As everyone knows, a show like Outlander doesn’t come together without the combined efforts of a lot of people. From lead actor, to the last person listed on the production crew, to the publicity and promotion team, every single person has a vital role to play in bringing Diana Gabaldon’s wonderful world to life. But what if your involvement with Outlander crossed more than one department?
This is the case for Ross Owen, a supporting actor in seasons 1 and 2, who also works as a radio broadcaster and producer of The Ross Owen Show, where he has since interviewed some of his erstwhile colleagues. It is certainly a unique perspective of the Outlander universe, and one which Ross was kind enough to share with us here at Outlander Homepage.

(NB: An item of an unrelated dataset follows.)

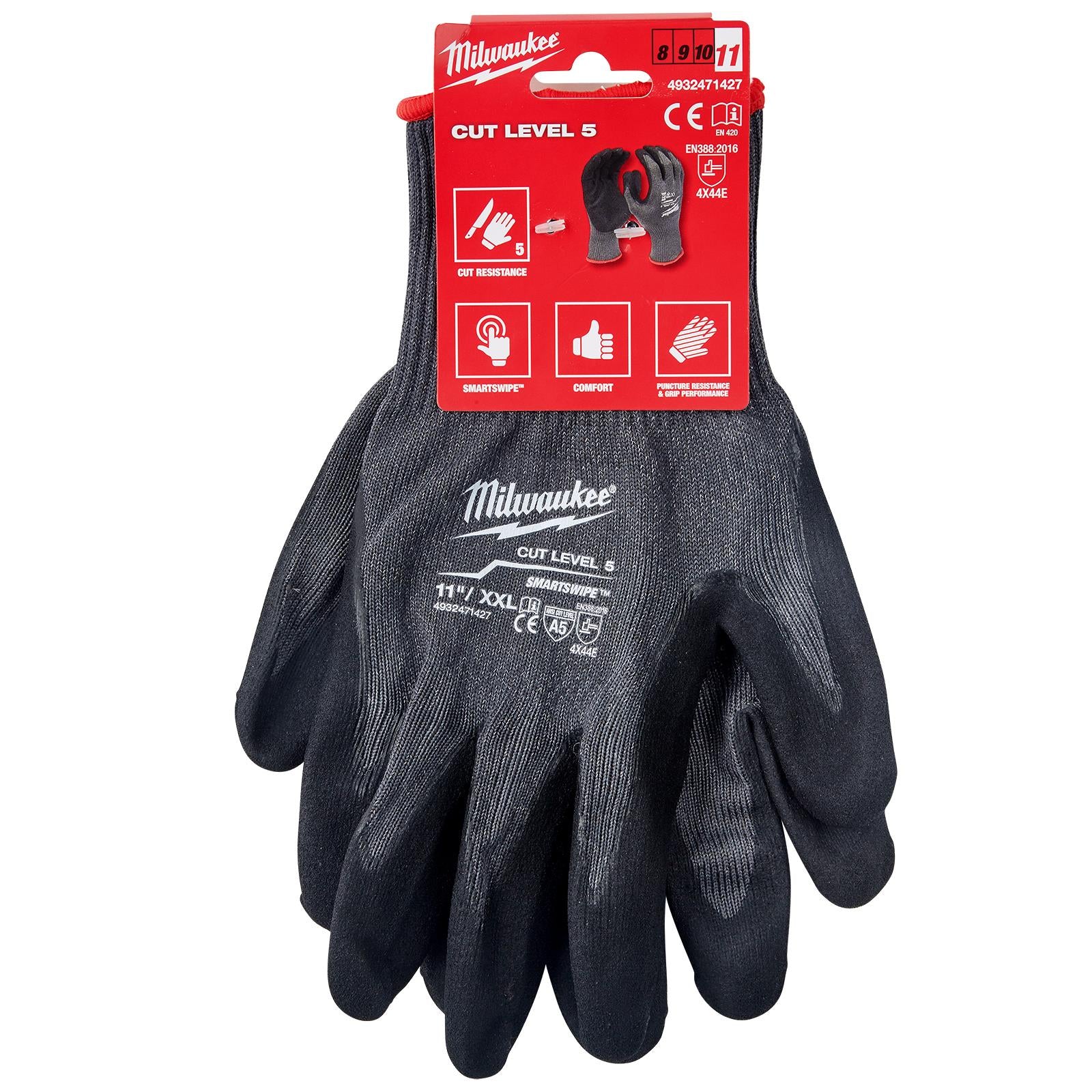 Milwaukee Safety Gloves Cut Level 5/E Dipped Glove Size 11 / XXL Extra Extra Large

Outlander Homepage Originals By Susie Brown!
The Internet Movie Database lists Ross Owen's Outlander credits as a highlander/villager/prisoner. More specifically, this meant appearing in Wentworth Prison in season 1, then switching to Paris for the court of Versailles, before rounding out the season as a highlander for the final dramatic episodes of season 2. With such varied characters to portray, we began our interview by asking Ross about his experiences of life ‘on set’.
“A typical day on set for any supporting artist is a long day,” he said. You have to arrive from around 7am and you could still be there as late as 10pm. Fortunately for me, the Outlander studio is literally just 5 minutes from my house, but every time I’ve worked on the show we’ve been shooting outdoors on location. The first thing to be done is to get everyone into costume. Generally this happens in the studio although sometimes it’s done on location. This can be time consuming if there are a lot of supporting artists being used that day - and in Outlander’s case, there generally is! Once everyone is in costume, we’re escorted to a bus that takes us to the shooting location and then we hang around until we’re needed.”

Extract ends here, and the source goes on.